### WHAT IS EXPECTED:
Pictures aside, copy exactly each line from the one that holds "Łóżko-dla-mysz" through the last line of the records below.

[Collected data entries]

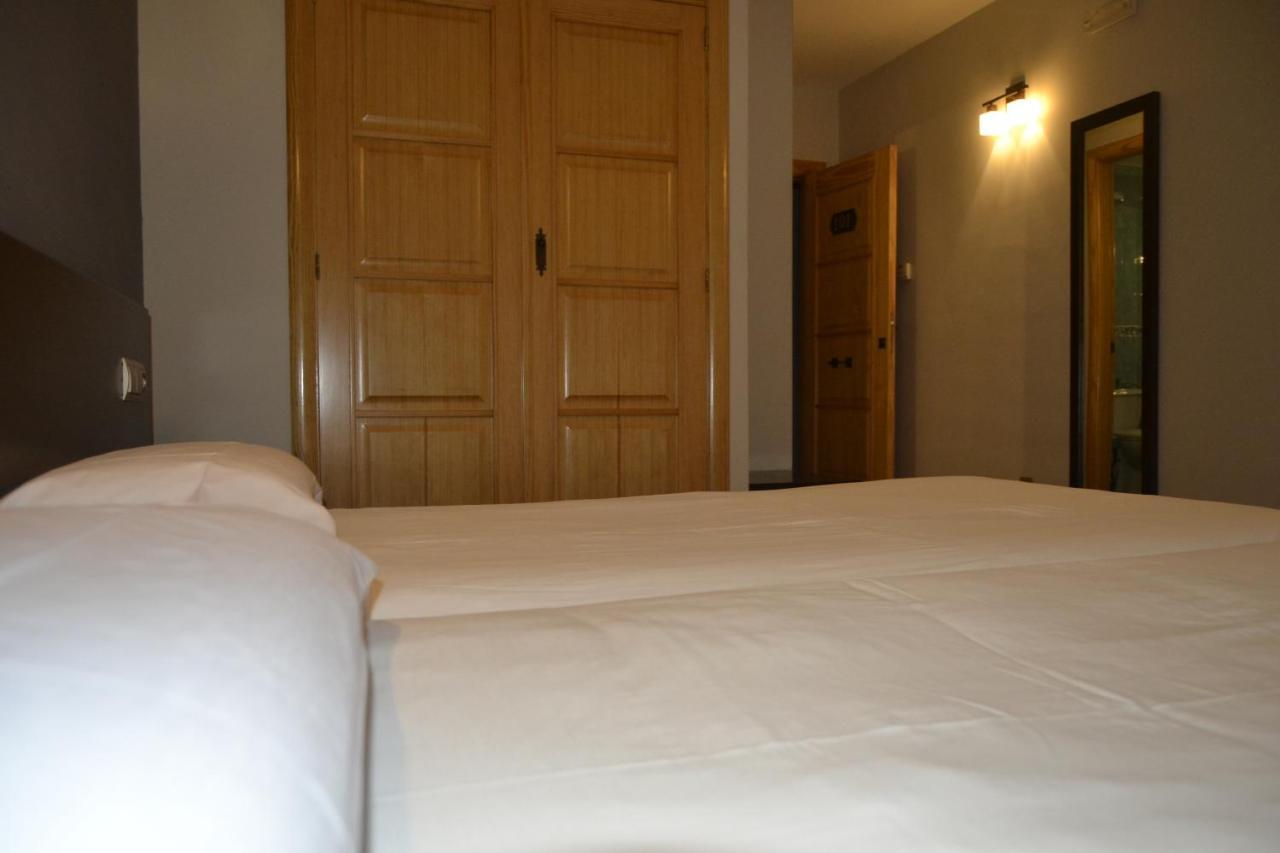 Hotel El Tratado Tordesillas Esterno foto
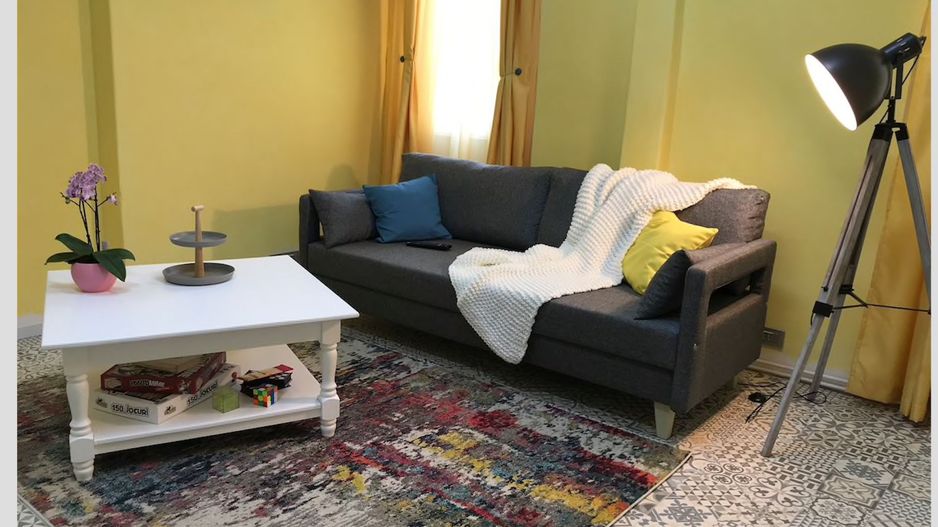 Apartament aproape de Piata Unirii - pretabil si pentru birouri - Poză 15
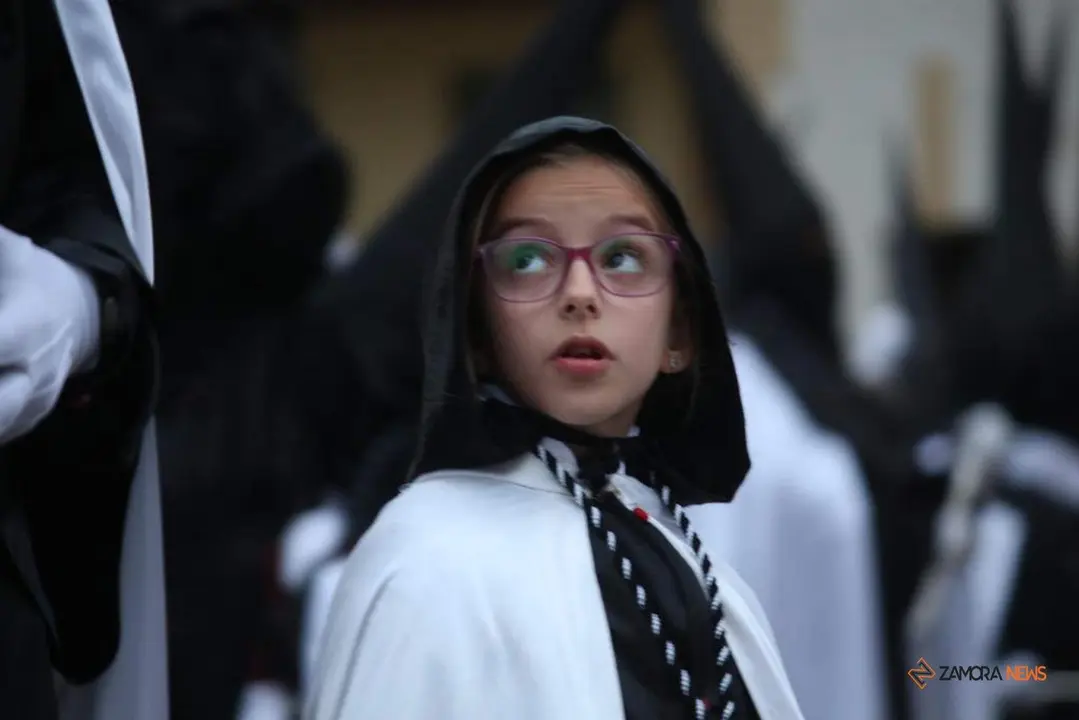 La Tercera Caída sale de San Lázaro ara homenajear a sus fallecidos_6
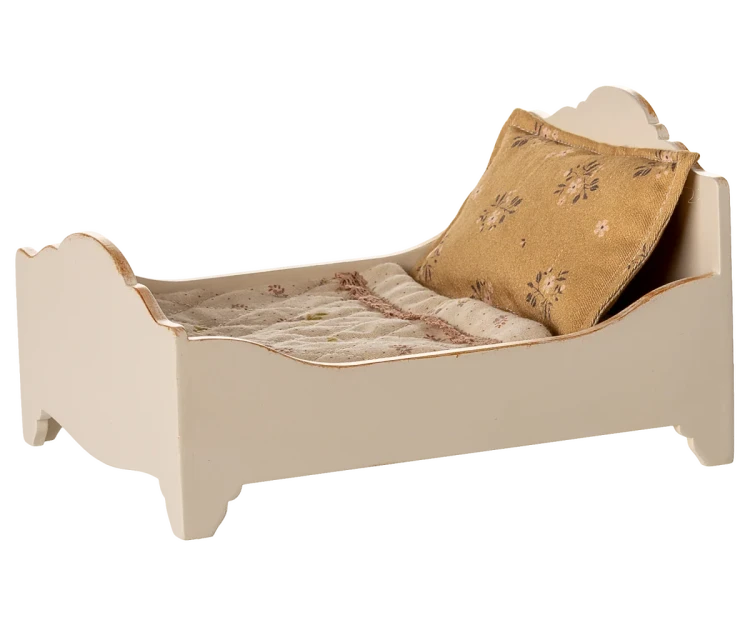 Łóżko-dla-myszek-Big-Sister-i-Big-Brother-Off-White-Maileg.png-2.webp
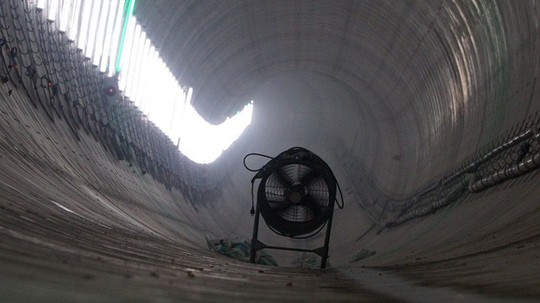Cận cảnh bên trong đường hầm tuyến Metro đầu tiên của TPHCM - Ảnh 9.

### WRITTEN SOLUTION:
 Łóżko-dla-myszek-Big-Sister-i-Big-Brother-Off-White-Maileg.png-2.webp
Cận cảnh bên trong đường hầm tuyến Metro đầu tiên của TPHCM - Ảnh 9.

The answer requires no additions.